#### Problem to solve
Write out, from the entries below, exactly the lines that run between the lines holding "Horse rider on the beach aerial view" and "istock Puppy Eating Lunch 1305959079", inclusive, and stop there.
++++ Given entries
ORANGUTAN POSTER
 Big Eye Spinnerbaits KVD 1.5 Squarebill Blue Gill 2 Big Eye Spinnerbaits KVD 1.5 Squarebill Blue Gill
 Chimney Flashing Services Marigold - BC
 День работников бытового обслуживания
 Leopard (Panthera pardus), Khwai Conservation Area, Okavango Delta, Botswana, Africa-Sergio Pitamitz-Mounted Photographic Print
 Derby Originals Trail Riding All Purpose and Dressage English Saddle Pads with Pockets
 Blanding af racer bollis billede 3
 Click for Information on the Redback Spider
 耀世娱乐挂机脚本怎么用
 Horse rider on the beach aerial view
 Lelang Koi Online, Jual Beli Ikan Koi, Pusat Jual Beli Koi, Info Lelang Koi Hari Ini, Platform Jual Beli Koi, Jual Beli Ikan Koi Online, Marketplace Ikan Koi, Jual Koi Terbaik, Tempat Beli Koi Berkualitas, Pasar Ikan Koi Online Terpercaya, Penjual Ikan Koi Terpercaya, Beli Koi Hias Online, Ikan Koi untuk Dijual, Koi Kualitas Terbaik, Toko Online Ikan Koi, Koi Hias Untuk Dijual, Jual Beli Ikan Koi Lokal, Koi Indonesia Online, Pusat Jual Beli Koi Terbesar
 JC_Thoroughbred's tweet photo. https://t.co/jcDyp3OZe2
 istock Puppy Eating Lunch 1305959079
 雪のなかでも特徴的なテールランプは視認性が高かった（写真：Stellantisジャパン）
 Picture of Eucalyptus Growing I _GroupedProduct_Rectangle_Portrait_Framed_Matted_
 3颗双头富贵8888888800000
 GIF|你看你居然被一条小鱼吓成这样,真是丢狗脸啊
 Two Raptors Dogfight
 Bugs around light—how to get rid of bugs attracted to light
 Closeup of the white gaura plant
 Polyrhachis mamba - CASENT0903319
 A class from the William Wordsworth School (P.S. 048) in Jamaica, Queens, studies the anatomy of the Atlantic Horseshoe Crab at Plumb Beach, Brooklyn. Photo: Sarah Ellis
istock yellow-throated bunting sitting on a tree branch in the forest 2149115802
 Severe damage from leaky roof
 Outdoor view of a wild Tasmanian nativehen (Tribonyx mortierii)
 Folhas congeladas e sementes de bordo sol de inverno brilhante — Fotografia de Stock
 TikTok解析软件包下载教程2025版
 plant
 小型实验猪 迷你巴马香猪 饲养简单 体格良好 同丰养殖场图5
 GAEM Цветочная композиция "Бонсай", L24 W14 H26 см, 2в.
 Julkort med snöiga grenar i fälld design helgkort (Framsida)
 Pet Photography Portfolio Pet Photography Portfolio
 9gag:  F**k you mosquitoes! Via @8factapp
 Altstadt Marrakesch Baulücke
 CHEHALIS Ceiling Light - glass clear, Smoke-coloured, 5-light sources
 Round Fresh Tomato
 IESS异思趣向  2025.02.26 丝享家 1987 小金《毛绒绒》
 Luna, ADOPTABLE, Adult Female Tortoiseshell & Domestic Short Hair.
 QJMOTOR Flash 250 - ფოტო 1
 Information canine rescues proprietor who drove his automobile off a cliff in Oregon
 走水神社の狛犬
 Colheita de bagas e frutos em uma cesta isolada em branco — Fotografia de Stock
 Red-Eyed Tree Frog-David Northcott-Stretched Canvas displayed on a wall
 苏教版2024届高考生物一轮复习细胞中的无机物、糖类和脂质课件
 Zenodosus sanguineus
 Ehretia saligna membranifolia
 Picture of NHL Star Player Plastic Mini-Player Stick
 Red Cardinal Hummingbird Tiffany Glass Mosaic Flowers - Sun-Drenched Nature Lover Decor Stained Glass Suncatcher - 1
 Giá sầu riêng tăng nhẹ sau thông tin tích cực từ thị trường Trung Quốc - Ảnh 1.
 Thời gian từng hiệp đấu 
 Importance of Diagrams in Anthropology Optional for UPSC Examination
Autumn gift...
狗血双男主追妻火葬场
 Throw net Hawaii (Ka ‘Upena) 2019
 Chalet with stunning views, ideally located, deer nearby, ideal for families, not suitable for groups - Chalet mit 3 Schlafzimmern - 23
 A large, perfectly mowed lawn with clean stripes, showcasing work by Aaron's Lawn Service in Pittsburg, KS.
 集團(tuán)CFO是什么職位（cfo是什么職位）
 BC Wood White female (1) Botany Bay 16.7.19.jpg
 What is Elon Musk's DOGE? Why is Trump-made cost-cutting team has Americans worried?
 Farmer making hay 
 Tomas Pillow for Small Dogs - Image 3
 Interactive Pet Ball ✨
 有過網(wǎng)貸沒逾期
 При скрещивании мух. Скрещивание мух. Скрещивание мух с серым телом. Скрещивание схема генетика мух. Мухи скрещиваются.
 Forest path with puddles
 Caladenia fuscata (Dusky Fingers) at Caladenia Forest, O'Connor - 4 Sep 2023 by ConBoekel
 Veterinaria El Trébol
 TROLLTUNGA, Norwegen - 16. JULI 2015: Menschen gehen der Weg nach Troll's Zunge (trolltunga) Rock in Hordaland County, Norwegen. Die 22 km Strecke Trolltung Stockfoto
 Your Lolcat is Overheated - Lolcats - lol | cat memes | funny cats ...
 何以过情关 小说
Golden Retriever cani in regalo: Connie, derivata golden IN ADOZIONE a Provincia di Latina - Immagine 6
++++++++
#### Solution
 Horse rider on the beach aerial view
 Lelang Koi Online, Jual Beli Ikan Koi, Pusat Jual Beli Koi, Info Lelang Koi Hari Ini, Platform Jual Beli Koi, Jual Beli Ikan Koi Online, Marketplace Ikan Koi, Jual Koi Terbaik, Tempat Beli Koi Berkualitas, Pasar Ikan Koi Online Terpercaya, Penjual Ikan Koi Terpercaya, Beli Koi Hias Online, Ikan Koi untuk Dijual, Koi Kualitas Terbaik, Toko Online Ikan Koi, Koi Hias Untuk Dijual, Jual Beli Ikan Koi Lokal, Koi Indonesia Online, Pusat Jual Beli Koi Terbesar
 JC_Thoroughbred's tweet photo. https://t.co/jcDyp3OZe2
 istock Puppy Eating Lunch 1305959079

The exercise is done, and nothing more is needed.